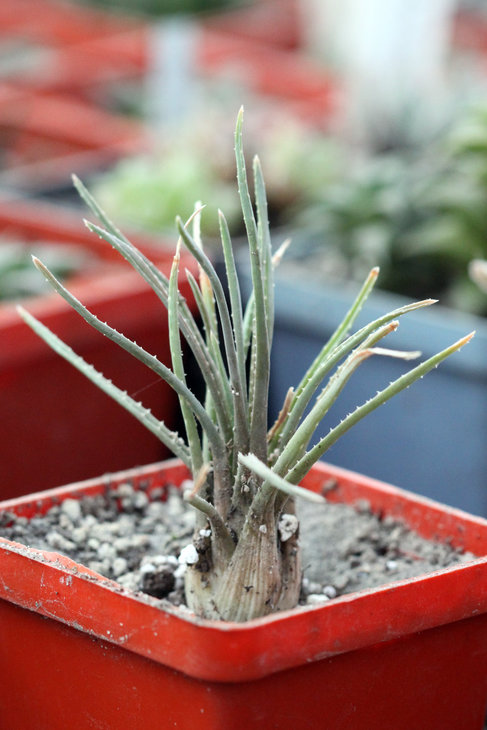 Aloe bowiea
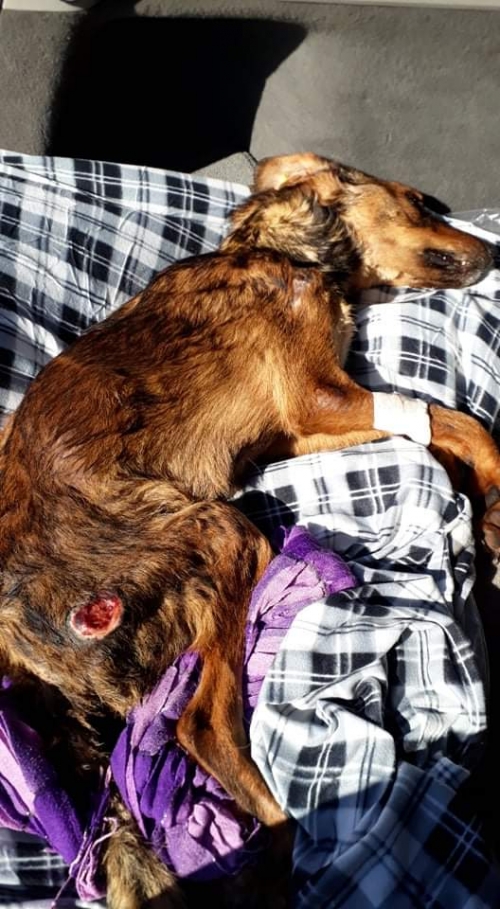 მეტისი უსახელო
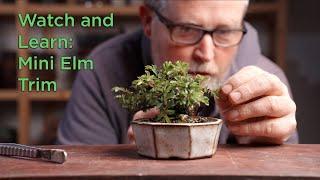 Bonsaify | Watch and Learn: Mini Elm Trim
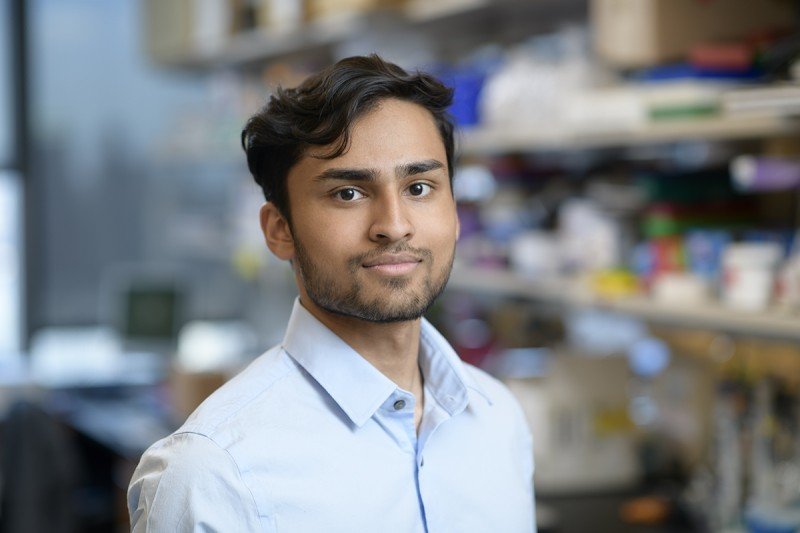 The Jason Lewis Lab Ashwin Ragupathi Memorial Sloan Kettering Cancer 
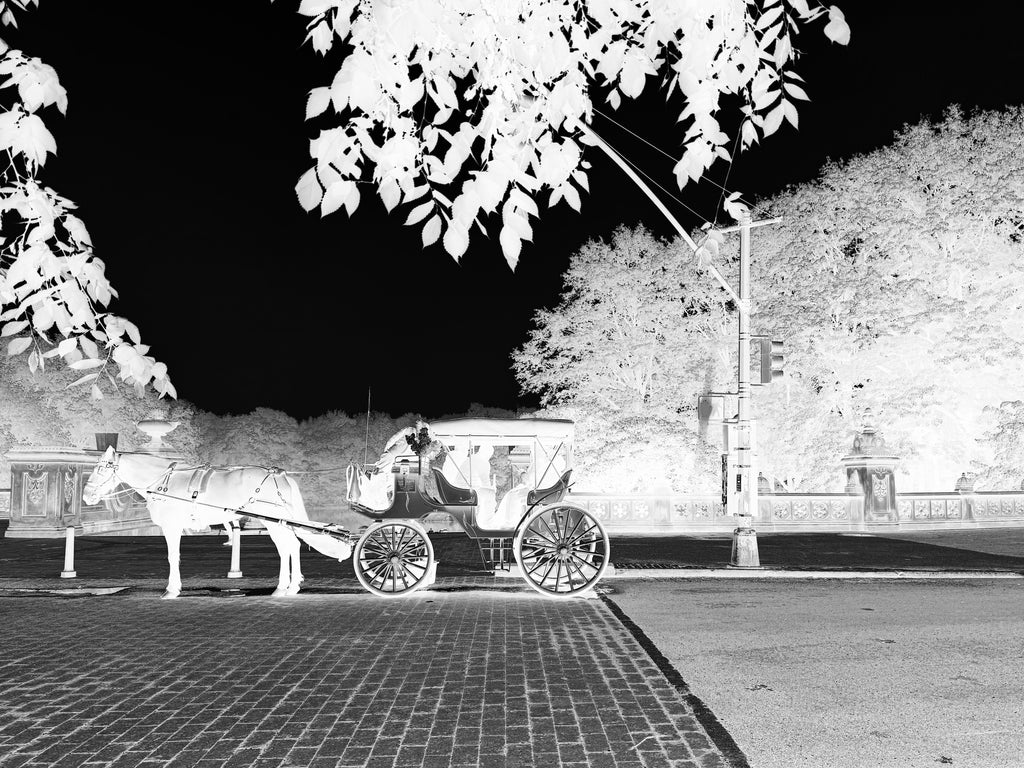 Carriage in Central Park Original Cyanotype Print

* * *

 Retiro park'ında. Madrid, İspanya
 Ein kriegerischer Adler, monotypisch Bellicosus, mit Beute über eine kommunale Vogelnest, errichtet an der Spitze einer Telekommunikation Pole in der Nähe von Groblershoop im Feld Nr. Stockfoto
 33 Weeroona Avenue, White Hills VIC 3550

Required work: Look above and copy only the lines from the one holding "Aloe bowiea" to the one holding "Carriage in Central", both included, exactly, minus the pictures.

Exercise response:
 Aloe bowiea
 მეტისი უსახელო
 Bonsaify | Watch and Learn: Mini Elm Trim
 The Jason Lewis Lab Ashwin Ragupathi Memorial Sloan Kettering Cancer 
 Carriage in Central Park Original Cyanotype Print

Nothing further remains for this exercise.